The images currently used in this project are images obtained by NASA's MODIS sensor (https://modis.gsfc.nasa.gov/) and by Landsat-8/OLI satellite (https://landsat.usgs.gov/landsat-8). The MODIS images were kindly provided by the ForestWatchers Project team and the images from Landsat-8/OLI are available for free by USGS (United States Geological Survey) at https://earthexplorer.usgs.gov/. In the future images from other satellites may be used.

For preliminary studies and validation of this project were carried out tasks with the same data used in ForestWatchers Project: images from MODIS sensor for the areas of Rondônia state (Brazil) in the year 2011 and the indigenous reservation of Awá-Guajá (Maranhão state - Brazil) in the year 2014. Currently tasks are being carried out with Landsat-8/OLI images of Rondônia state in the year 2016. The obtained results for these and for future tasks will always be available in Results.

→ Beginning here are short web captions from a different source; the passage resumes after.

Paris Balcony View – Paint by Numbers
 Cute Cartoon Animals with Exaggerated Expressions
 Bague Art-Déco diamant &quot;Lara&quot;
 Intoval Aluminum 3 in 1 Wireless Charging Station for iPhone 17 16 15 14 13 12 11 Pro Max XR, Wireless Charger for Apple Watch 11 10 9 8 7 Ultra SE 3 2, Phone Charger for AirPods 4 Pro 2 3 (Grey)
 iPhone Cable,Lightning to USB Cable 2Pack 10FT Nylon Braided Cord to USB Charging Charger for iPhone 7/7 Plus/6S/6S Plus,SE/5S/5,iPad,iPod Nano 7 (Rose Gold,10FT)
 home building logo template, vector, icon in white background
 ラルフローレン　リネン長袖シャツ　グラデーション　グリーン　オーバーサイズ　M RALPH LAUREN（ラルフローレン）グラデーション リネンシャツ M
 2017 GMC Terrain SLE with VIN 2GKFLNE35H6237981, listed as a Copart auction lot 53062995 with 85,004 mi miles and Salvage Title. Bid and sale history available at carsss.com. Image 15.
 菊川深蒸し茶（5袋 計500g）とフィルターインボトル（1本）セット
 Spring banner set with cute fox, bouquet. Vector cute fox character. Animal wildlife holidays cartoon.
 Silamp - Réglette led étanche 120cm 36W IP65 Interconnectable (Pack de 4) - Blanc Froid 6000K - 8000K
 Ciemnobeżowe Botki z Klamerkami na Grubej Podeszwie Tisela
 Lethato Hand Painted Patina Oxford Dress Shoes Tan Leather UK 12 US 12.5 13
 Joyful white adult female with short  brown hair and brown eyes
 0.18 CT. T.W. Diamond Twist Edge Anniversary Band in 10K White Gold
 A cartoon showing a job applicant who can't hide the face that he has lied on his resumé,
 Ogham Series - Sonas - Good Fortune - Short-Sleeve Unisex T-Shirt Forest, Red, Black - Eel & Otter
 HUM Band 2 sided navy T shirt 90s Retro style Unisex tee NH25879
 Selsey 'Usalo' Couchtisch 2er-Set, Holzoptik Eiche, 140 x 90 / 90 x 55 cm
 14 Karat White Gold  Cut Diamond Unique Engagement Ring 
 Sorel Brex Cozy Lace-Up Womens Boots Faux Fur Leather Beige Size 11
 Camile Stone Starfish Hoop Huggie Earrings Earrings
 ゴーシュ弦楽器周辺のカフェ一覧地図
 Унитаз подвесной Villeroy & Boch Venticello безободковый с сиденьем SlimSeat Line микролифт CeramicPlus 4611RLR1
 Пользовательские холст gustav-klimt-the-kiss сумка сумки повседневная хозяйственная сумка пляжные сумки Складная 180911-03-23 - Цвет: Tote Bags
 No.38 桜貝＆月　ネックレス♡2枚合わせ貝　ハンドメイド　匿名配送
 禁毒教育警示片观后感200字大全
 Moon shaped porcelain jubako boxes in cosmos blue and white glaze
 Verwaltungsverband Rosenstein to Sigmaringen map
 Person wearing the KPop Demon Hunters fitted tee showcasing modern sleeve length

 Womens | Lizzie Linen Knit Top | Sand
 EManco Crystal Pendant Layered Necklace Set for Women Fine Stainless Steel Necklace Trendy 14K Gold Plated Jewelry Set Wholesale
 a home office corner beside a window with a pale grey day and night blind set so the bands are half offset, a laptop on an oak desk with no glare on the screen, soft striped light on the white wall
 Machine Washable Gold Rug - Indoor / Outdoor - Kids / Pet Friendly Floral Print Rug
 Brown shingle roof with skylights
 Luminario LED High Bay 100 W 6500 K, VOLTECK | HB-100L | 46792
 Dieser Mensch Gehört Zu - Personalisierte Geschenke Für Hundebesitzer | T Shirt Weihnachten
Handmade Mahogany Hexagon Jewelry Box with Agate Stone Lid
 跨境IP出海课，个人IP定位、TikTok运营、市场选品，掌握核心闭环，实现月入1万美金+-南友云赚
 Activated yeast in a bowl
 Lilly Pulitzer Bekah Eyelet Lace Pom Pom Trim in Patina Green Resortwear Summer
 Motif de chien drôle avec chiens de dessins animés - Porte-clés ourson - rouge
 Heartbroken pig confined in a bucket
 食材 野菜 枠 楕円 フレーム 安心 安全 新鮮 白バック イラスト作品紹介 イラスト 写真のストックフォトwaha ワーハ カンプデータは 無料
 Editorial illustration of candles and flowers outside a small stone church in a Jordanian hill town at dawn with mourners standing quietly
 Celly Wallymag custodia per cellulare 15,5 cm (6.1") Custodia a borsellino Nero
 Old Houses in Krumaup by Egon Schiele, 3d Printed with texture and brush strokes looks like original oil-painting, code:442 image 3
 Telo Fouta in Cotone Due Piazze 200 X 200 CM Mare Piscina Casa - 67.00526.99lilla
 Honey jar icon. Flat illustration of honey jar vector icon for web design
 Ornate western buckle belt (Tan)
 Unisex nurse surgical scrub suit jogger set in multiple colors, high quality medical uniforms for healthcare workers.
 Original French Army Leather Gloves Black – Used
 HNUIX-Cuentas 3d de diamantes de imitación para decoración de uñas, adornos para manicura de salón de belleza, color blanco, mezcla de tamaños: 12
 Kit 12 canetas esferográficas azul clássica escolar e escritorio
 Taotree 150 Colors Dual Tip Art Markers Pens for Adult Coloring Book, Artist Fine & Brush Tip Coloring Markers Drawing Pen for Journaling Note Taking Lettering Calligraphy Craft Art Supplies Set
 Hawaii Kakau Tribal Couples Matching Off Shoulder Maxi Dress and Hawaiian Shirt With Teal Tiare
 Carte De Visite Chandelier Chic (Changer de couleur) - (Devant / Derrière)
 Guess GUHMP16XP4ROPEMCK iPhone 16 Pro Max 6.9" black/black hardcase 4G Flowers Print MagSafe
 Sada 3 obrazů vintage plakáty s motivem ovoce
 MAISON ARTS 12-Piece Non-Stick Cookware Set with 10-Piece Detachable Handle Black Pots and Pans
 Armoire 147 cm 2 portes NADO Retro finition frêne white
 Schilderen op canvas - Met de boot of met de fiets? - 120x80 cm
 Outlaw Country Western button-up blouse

The current application is LANDSAT 8 - Segments. With a method called Simple Linear Iterative Clustering (SLIC) a remote sensing image from an area of Rondônia State (Brazil) was segmented in approximately 1000 pieces. We need the volunteers to classify each segment in Forest, Non-Forest or Undefined. Each segment can be seen in a RGB composition image or a false-color composition with bands 7, 5 and 3 of LANDSAT-8.

The classified segments will be used to train an automatic classifier that will analyze new remote sensing imagery to track rainforests' deforestation.